The Central Bank of Kenya (CBK) has indicated that the government is leaning more towards tapping into concessional financing to settle the maturing obligation.

“Currently, the credit market conditions are not favourable for refinancing the Eurobond. We have been engaging our lead managers and lead advisers on how to address the issue of the 2024 Eurobond. We have looked at several options, we are talking with multilateral institutions, the World Bank and the IMF, to see how much additional resources they can make available to us,” CBK Governor Kamau Thugge said on October 4.
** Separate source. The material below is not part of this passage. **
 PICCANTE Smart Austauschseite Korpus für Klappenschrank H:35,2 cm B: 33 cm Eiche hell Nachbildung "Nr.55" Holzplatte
If Kenya succeeds in unlocking additional financing from the development finance institutions, it will be the latest in a series of augmentations to existing programmes which have seen the country tap into cheaper credit from the Bretton Woods institutions.

In May, Kenya tapped into a $1.0 billion (Ksh148.8 billion) credit facility from the World Bank that was revised from the initial $750.0 million (Ksh111.6 billion) owing to the country’s requirements around budget support.
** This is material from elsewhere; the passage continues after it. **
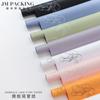 Oferta Especial Transfronteiriça Atacado Impermeável Floral Presente Material Papel de Embrulho de Flores Jane Eyre Abraço Buquê Papel de Embrulho
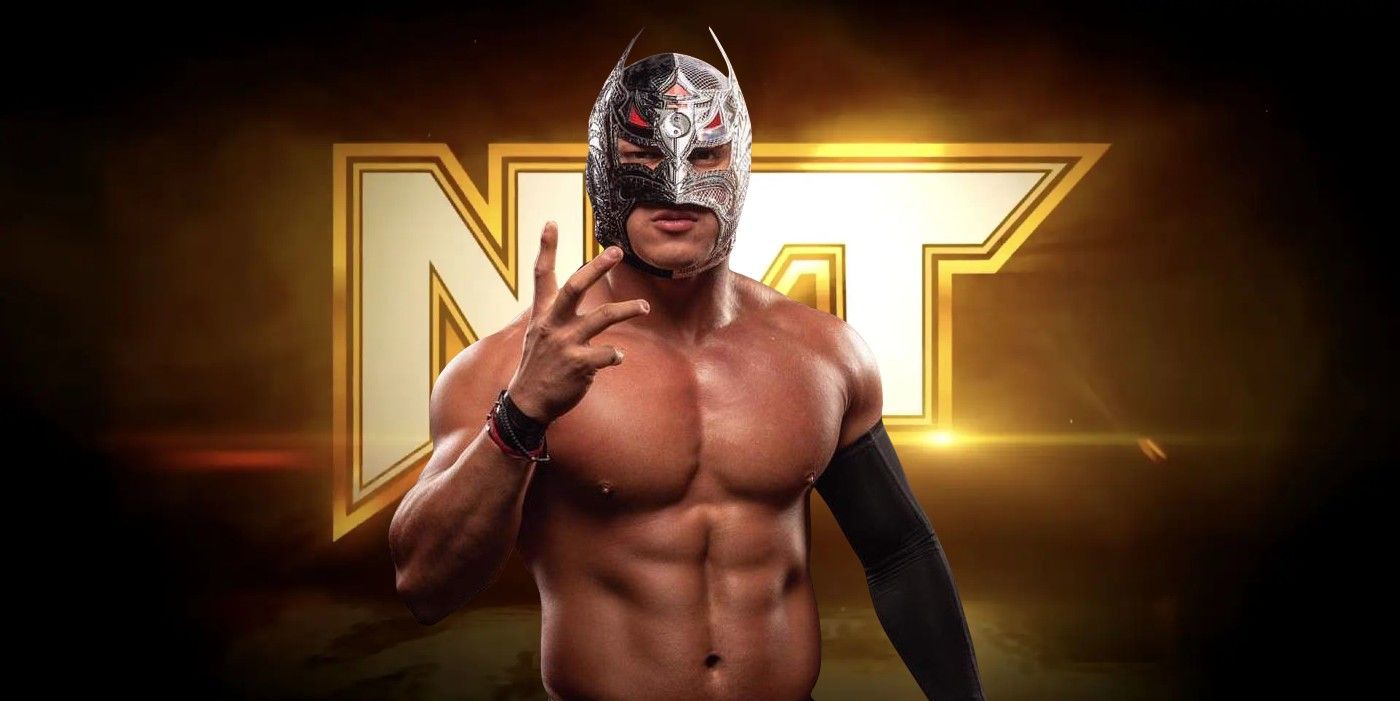 Dragon Lee Will Reportedly Be NXT's Highest Paid Superstar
The fifth review of Kenya’s programme with the IMF in July saw the current programme augmented with an additional $551.4 million (Ksh82.0 billion) through the fund’s Resilience and Sustainability Facility.

The fund has also downgraded Kenya’s 2024 growth projection marginally from 5.4 percent in April to 5.3 percent. This comes at a time global investors are seeking more than 18 percent return to invest in Kenya’s Eurobond, signalling increased perceptions of a sovereign default.

The yields on Kenya’s 10-year Eurobond maturing June 2024 are hovering between 18.4 and 18.7 percent this month, data published by the Central Bank of Kenya shows, reflecting the rising risk investors are placing on Kenya’s short-term debt.

Kenya has repeatedly reassured investors that it will refinance the debut 10-year Eurobond, ruling out the possibility of a sovereign default.

President William Ruto’s recent speech during the United Nations General Assembly calling for debt restructuring for developing countries has raised fears among investors over Kenya’s ability to refinance its fast-maturing external repayments.

Ruto did not refer to Kenya but said 10 low-income countries were in debt distress and 52 others were at high and moderate risk of falling into distress.